BRIEF:
Skip the images and print the listing exactly.

DATA EXTRACT:
^^^^^^^^^^^^^^^^
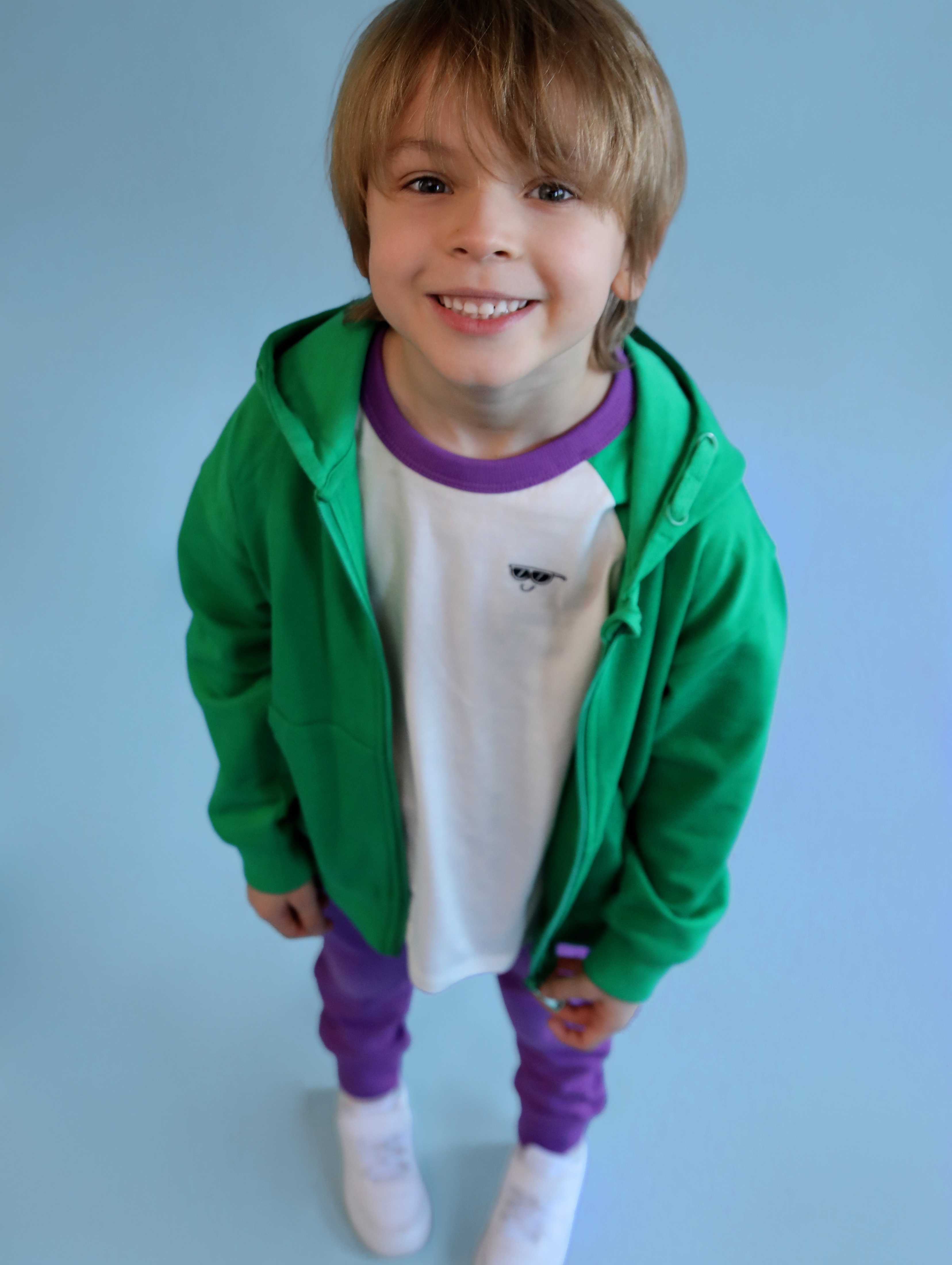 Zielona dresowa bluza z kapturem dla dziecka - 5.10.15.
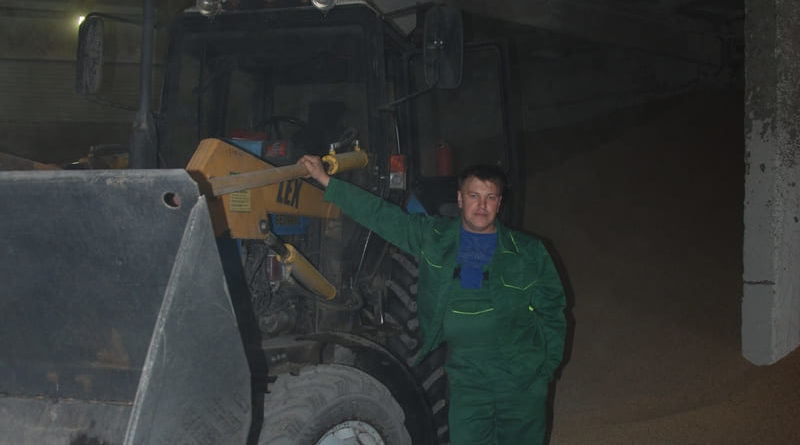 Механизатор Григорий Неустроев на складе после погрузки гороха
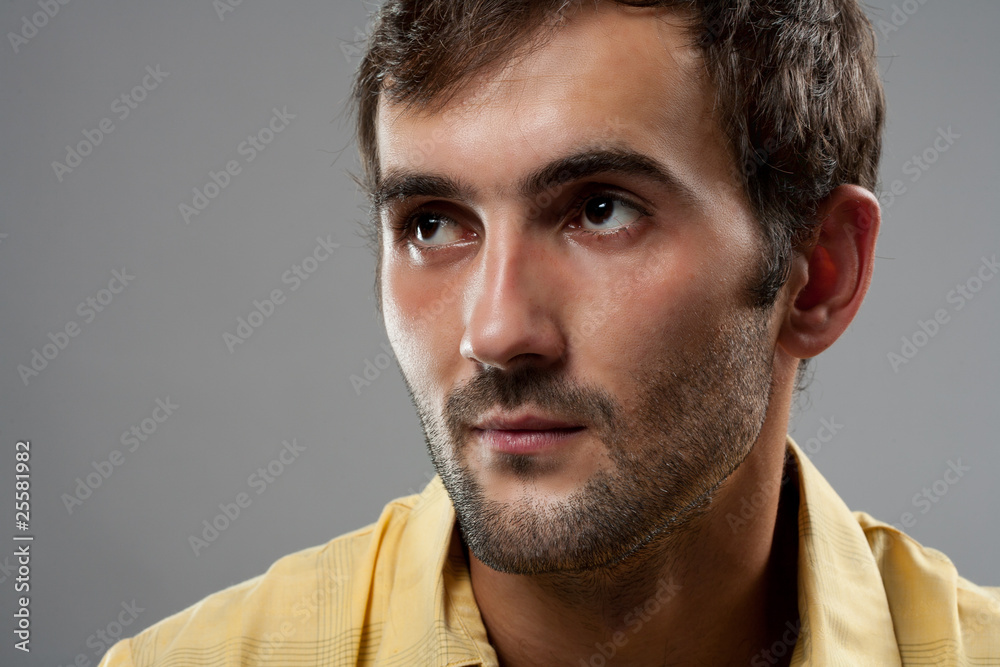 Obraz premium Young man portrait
^^^^^^^^^^^^^^^^
SOLUTION FOR THIS TASK:
 Zielona dresowa bluza z kapturem dla dziecka - 5.10.15.
 Механизатор Григорий Неустроев на складе после погрузки гороха
 Obraz premium Young man portrait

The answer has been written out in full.